To wipe out a year of their careers in order to hold out for systematic issues for future generations -- issues that at this point, aren't going to go the way of the union, anyway -- is just wrong.
The principles that the union is fighting for are right, and just. But this isn't about doing what's right, or being just. It's about getting a deal done.
And as much as most folks dislike the strong-arm tactics used by Stern and his ownership group, even when they were a splintered group, their one-minded focus never wavered -- to tilt the scales of the new CBA significantly more in their favor.
That's why when talks began in July, they came at the union with so many ridiculous demands and requests.
A hard cap? Come on. Nobody, including the owners, ever thought that had a chance of sticking.
The owners knew they would move off such silly requests, and could then legitimately claim that they were indeed trying to meet the union halfway -- even if they took about five steps back before the bargaining sessions began.
Meanwhile, the union came into the bargaining session the way most do -- looking to negotiate. Big mistake.
The owners have totally taken advantage of the union's willingness to deal, and in return have already won this battle and right now are simply trying to run up the score.
Stern has made a couple mea culpas of his own (he offered the 50-50 split way too soon), but for the most part has played the heavy throughout these negotiations, while the union has seemingly been on its heels trying to gain some footing, some semblance of leverage.
Fisher talked about the desire to give on the economics so that the players would, in return, get a break on system-related issues from the owners.
It sounds good, and it's certainly the right way to approach things if you're in a fair fight. But these owners are not interested in doing what is good or right. And this fight never has been, and frankly, never will be a fair one.
You don't get these kind of lopsided results in a fair fight.

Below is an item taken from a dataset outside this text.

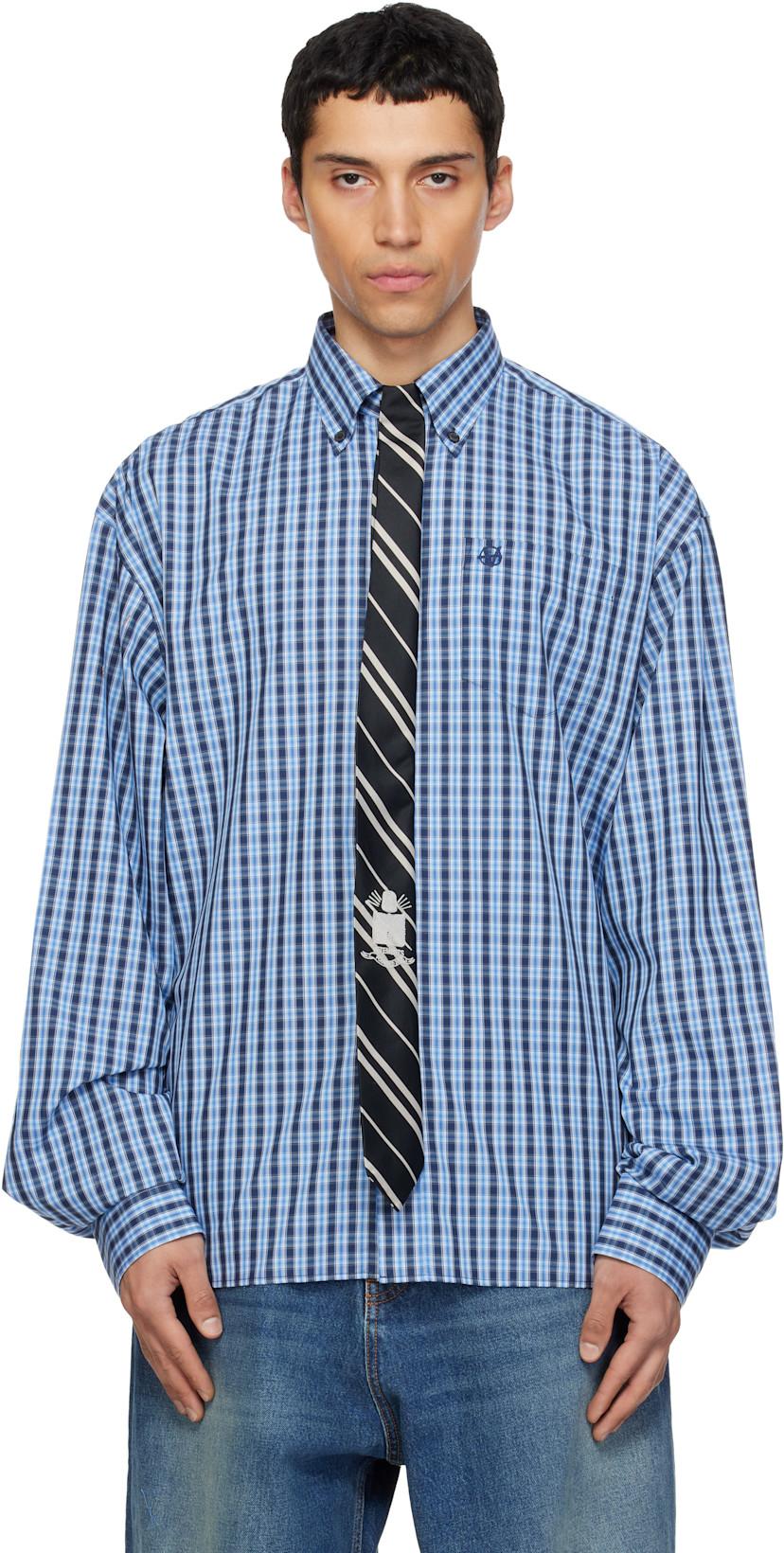 Blue & Navy Tie Classic Shirt by VETEMENTS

Take a look at the score card:
Basketball Related Income - owners win.
Contract lengths - owners win.
Luxury tax system - owners win.
Annual raises - owners win.
Sign-and-trades - owners win.
Pick an issue, any issue, and the winner in just about every instance has been the owners. But as the union's lead counsel Jeffrey Kessler pointed out, coming out ahead is not enough for these owners.
"The big story is they want it all," Kessler said.
He's right. And the only shot that the players have at this point in avoiding that, is to take the deal that's currently on the table.
Whether Stern's bluffing about taking the current deal off the table by Wednesday remains to be seen.
But multiple sources contacted this past week and again this weekend, have all indicated that the deal on the table for the union will only get worse if the players don't take it.
"Even if there was a desire to sweeten the deal, that's not going to happen because of all the lost games," said one Western Conference front-office executive. "The players are in a tough spot. They know it, and so do the owners. That's why the squeeze is on."
While it's clear that the players have lost this battle, they still have the potential to completely change up the game by de-certifying the union which would expose the NBA to a host of potential anti-trust lawsuits.
But here's the problem with that course of action. Because such a move would put the players fate in the courts and cause an unbelievable amount of chaos for all involved, it would take months before things were settled.
And time is the one thing players don't have on their side.
So there is the potential for them to de-certify, start the process involved with that, only to have the NBA come around and give them some of the concessions they were looking for -- and still wind up losing an entire season.
And guess who the fans would blame for that? The players. Once again, the owners would come out as winners.
"They want a win, win, win, win," said Kessler, who declined to discuss the union's options if they turned down Stern's proposal. "We wanted to compromise. They're not giving the players a lot of choice."